Я все-таки огладила его по плечу – мельком. Грошовый жест нежности перед тем, как попрощаться. Он молча следил за тем, как я надела плащ, сняла со спинки стула зонтик…

– Слушай, а давай сходим как-нибудь на свидание? Ты мне нравишься. – Похоже, бедняга сам не верил, что произносит эти слова.

Я улыбнулась, потом хихикнула, а следом, глядя на его растерянное лицо, не выдержала и расхохоталась. Ну наконец-то! Хоть кто-то из семьи Двинских заметил мое сходство с папашей. Это не я тебе нравлюсь, хотелось мне сказать. Ты просто увидел во мне промельк совсем другого человека.
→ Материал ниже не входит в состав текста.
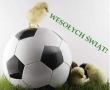 Powiększ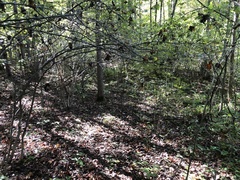 Rubus beamanii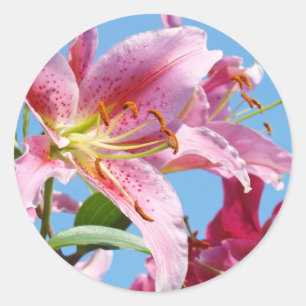 Pink Lily Blume Aufkleber Custom Shapes Lilies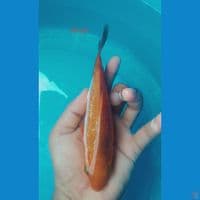 karamel ginrin 18 cm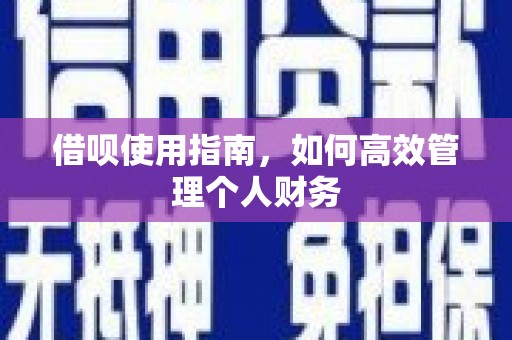 太麻里借呗使用指南，如何高效管理个人财务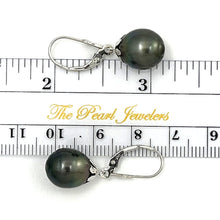 Load image into Gallery viewer, 1T00128F TAHITIAN BLACK PEARL EARRINGS IN WHITE GOLD  10MM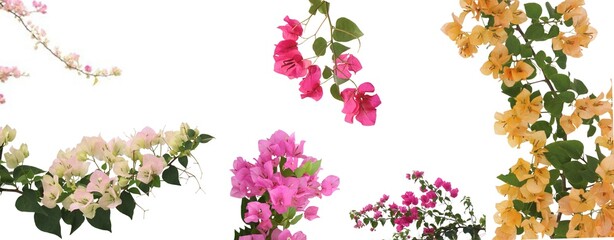 Set of Bougainvilleas branch on white background.

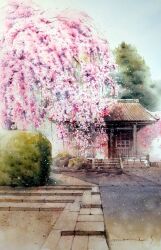 Rule 34 | architecture, autumn leaves, building, bush, cherry blossoms, day, east asian architecture, hedge, highres, no humans, original, painting (medium), scenery, shadow, shimizu megumi (m acquerello), traditional media, tree, watercolor (medium)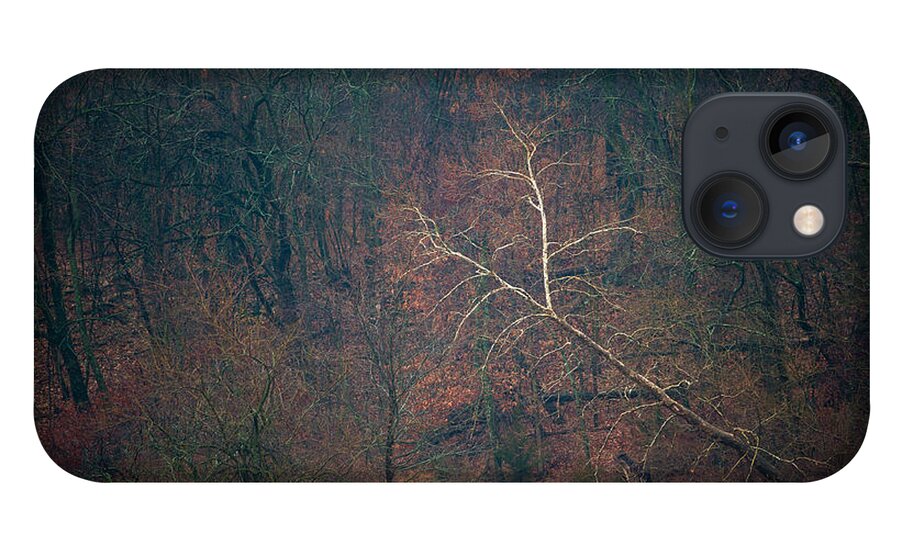 Nature iPhone 13 Case featuring the photograph Sycamore Inclination by Jeff Phillippi
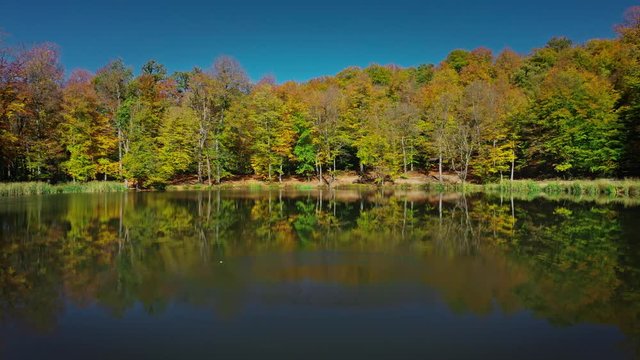 Aerial drone zoom out of autumn forest trees near Gosh Lake in Armenia under bright blue sky. Colourful forest and water of Lake Sevan in armenian mountains in sunny day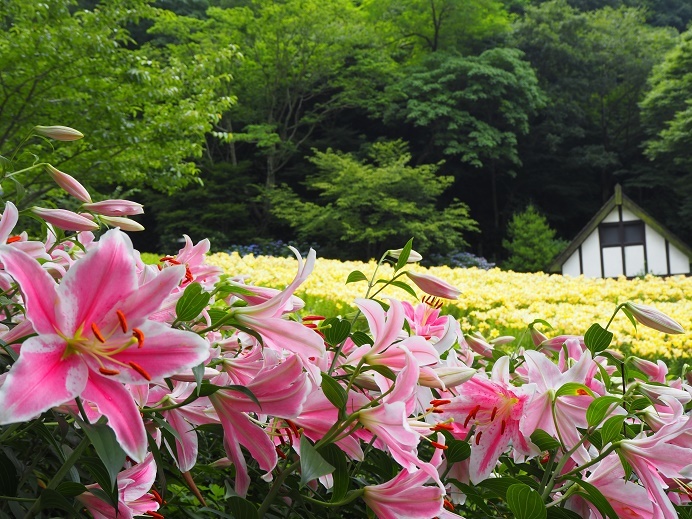 ピンクのユリ ソルボンヌ 開花しています 神戸布引ハーブ園 ハーブガイド ハーブ花ごよみ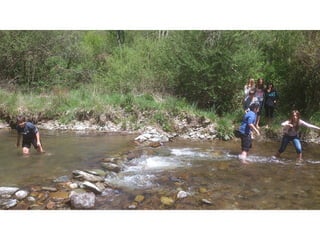 Cdsíntesi planoles2014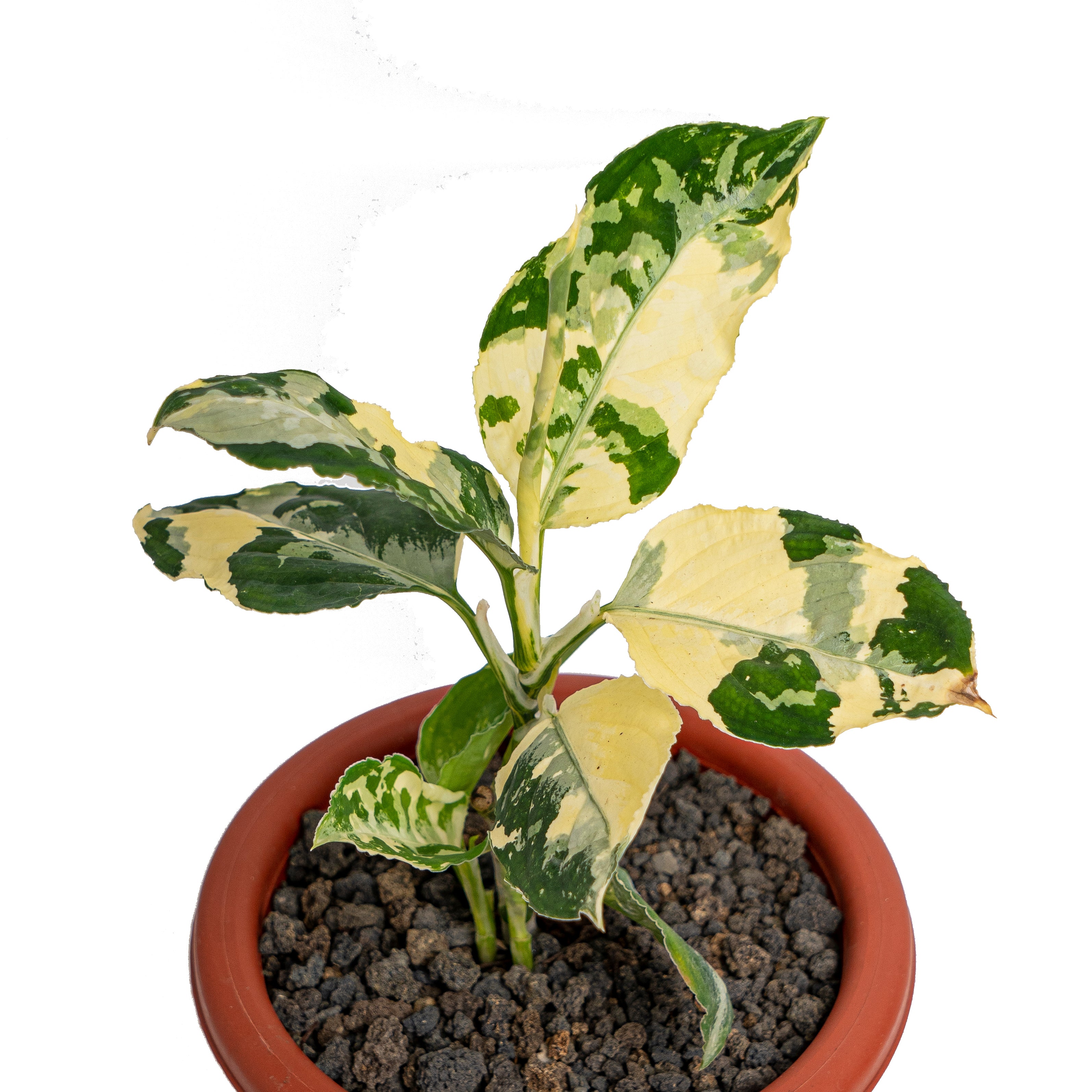 Aglaonema pictum bicolor variegated mature size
Но мы не дадим тебе – да и себе! – совершить ошибку. Не хватало еще в нашей сумасшедшей семейке кровосмешения.

Это у тебя истерика, или я сказал что-то очень смешное? – он выглядел обиженным.

Я покачала головой.

– Да так, вспомнила кое-что. – Я сделала шаг к стеклянной двери, за которой клубился туман с залива. – Забудь про свидание. Ничего у нас с тобой не выйдет, извини.

Глава 40

Литсекретарь. Лето

– Что это?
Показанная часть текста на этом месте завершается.